**PROBLEM TO SOLVE:**
From the line that contains "Rila Dağı 'nın" to the end of the entries, copy each line exactly, though the pictures stay out.

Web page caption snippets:
***

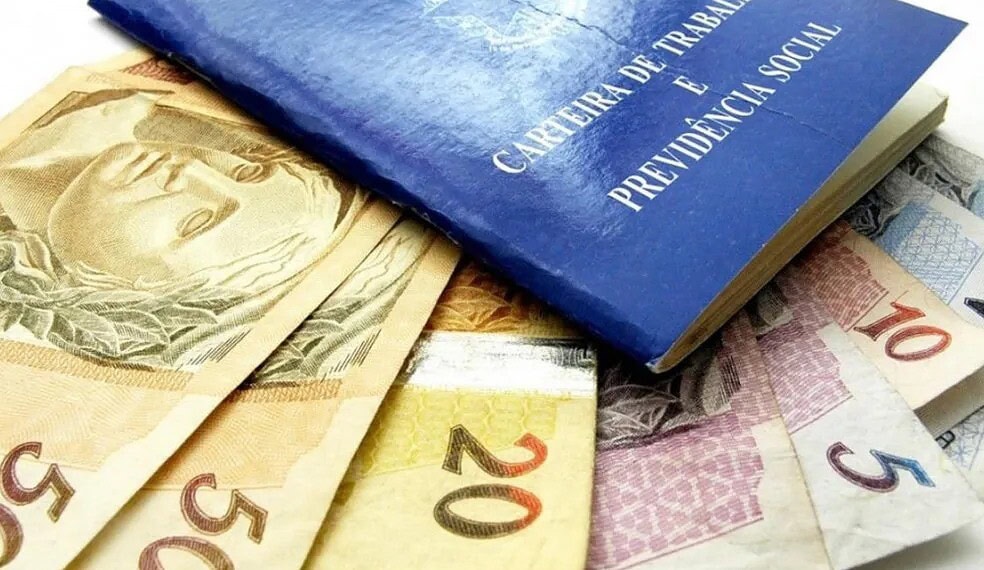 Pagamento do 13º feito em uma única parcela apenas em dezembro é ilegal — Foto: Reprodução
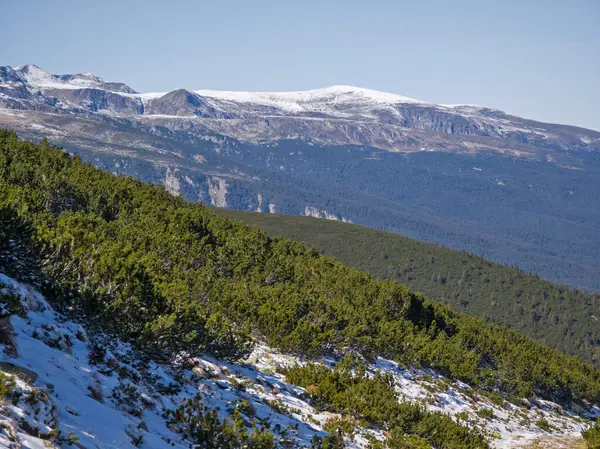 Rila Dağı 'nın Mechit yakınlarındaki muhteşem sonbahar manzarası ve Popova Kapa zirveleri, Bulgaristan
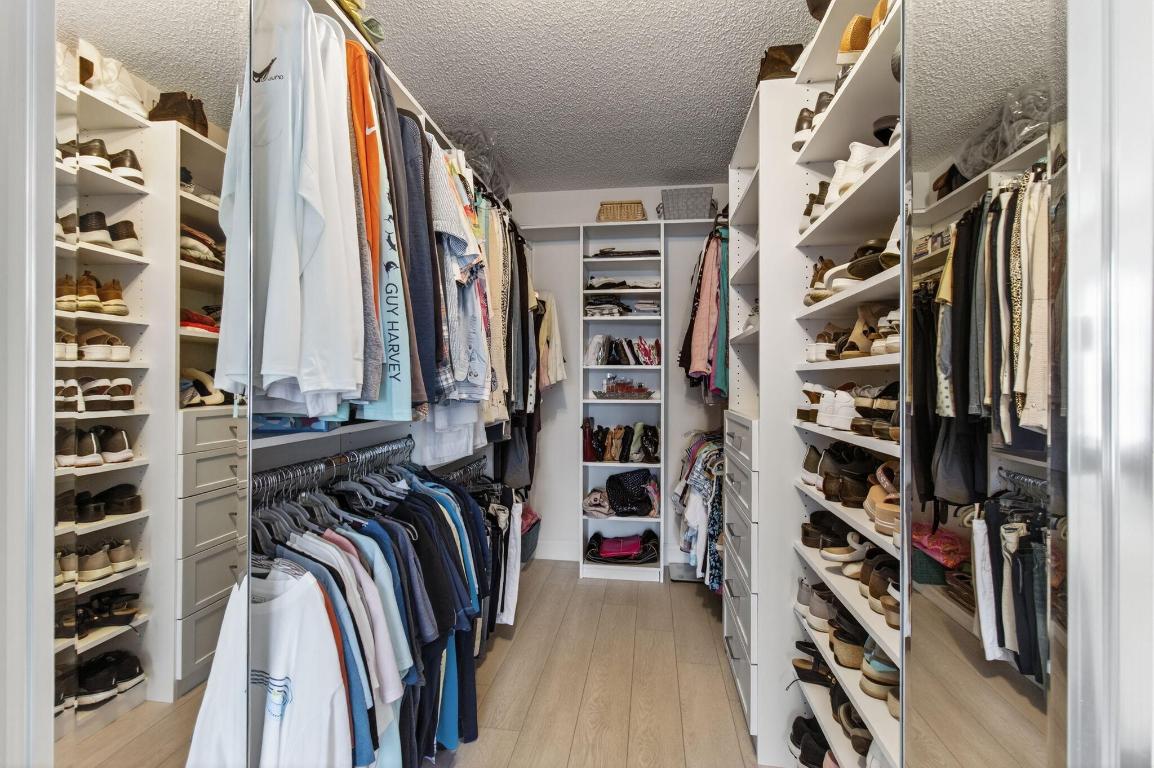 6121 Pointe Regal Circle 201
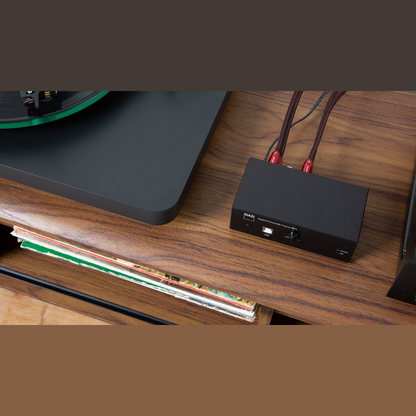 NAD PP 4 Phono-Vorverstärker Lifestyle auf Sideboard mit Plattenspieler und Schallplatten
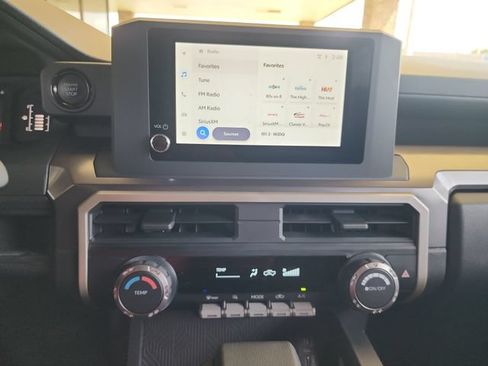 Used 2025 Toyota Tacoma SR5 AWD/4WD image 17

***

**EXPECTED ANSWER:**
 Rila Dağı 'nın Mechit yakınlarındaki muhteşem sonbahar manzarası ve Popova Kapa zirveleri, Bulgaristan
 6121 Pointe Regal Circle 201
 NAD PP 4 Phono-Vorverstärker Lifestyle auf Sideboard mit Plattenspieler und Schallplatten
 Used 2025 Toyota Tacoma SR5 AWD/4WD image 17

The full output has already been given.